When big cities experience an economic boom, you expect an upsurge in wages and growth in those areas. But there’s some nuance: according to Chicago Booth’s Richard Hornbeck and University of California at Berkeley’s Enrico Moretti, one area’s surge particularly benefits low-skilled workers locally—and high-skilled workers elsewhere.
Using total factor productivity (TFP) as a measure of local productivity growth, Hornbeck Amount and Moretti analyzed two decades of data from major US cities to quantify the direct effects on people living in booming cities and the indirect effects on people elsewhere. Allowing for trade-offs between salary and cost-of-living increases, as well as unequal distribution of benefits across different groups, the researchers find that low-skilled workers gained the most from local productivity growth.
But gains extended further afield: a boom in San Diego or Los Angeles, say, was also felt in other cities. And high-skilled workers gained more from productivity growth in other cities.
The data Hornbeck and Moretti analyzed, spanning 1980 to 2000, focused on cities that experienced higher productivity growth because of a concentration of rapidly innovating industries, compared with cities that had a concentration in industries with less growth.
“Our main result is that local productivity growth does seem to be delivering sizeable and similar gains to higher- and lower-skilled workers, of roughly 0.5 to 0.6 percent year-over-year,” Hornbeck says. “Locally, in the cities experiencing major growth, some of these benefits are lost to increases in the cost of living as people crowd in from elsewhere. But across the nation, increases in living costs in particular cities are counterbalanced by decreases in housing costs in other places.”
Locally, lower-skilled workers benefited more
When a city started booming, there was a greater impact on nominal earnings and purchasing power for high-school graduates than for college graduates, which suggests that local productivity growth acted to compress local income inequality.

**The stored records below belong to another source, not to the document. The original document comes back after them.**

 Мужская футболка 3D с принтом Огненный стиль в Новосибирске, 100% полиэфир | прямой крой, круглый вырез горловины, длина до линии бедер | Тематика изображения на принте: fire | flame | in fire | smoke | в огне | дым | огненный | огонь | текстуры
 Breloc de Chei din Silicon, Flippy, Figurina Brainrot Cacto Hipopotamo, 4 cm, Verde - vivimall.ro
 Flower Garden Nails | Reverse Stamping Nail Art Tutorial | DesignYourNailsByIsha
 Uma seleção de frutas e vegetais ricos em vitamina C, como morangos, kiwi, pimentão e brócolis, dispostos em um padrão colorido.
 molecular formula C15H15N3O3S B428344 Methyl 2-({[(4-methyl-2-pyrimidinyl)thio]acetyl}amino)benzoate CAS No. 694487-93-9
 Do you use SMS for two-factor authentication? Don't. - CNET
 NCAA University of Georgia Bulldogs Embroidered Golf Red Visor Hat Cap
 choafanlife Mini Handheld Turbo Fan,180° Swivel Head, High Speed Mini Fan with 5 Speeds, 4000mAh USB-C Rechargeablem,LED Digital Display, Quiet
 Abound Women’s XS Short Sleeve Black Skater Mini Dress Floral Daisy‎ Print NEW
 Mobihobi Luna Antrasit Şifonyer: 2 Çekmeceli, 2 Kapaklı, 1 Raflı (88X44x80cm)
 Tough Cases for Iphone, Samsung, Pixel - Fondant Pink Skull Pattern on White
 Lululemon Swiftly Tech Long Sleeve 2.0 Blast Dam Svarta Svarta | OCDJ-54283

One city’s productivity boost indirectly helped other cities
While boomtowns lured highly skilled workers from other cities, those who stayed behind still enjoyed wage increases because such workers were scarcer. Further, in the cities that people were leaving, the cost of living declined. For renters, this was good news, as it translated to lower costs.
One intense productivity surge: San Jose, California
Silicon Valley’s rise as a tech hub lured hundreds of thousands of workers away from other US cities. The researchers calculate that the San Jose metro area experienced TFP growth of 16.4 percent over 1980–90.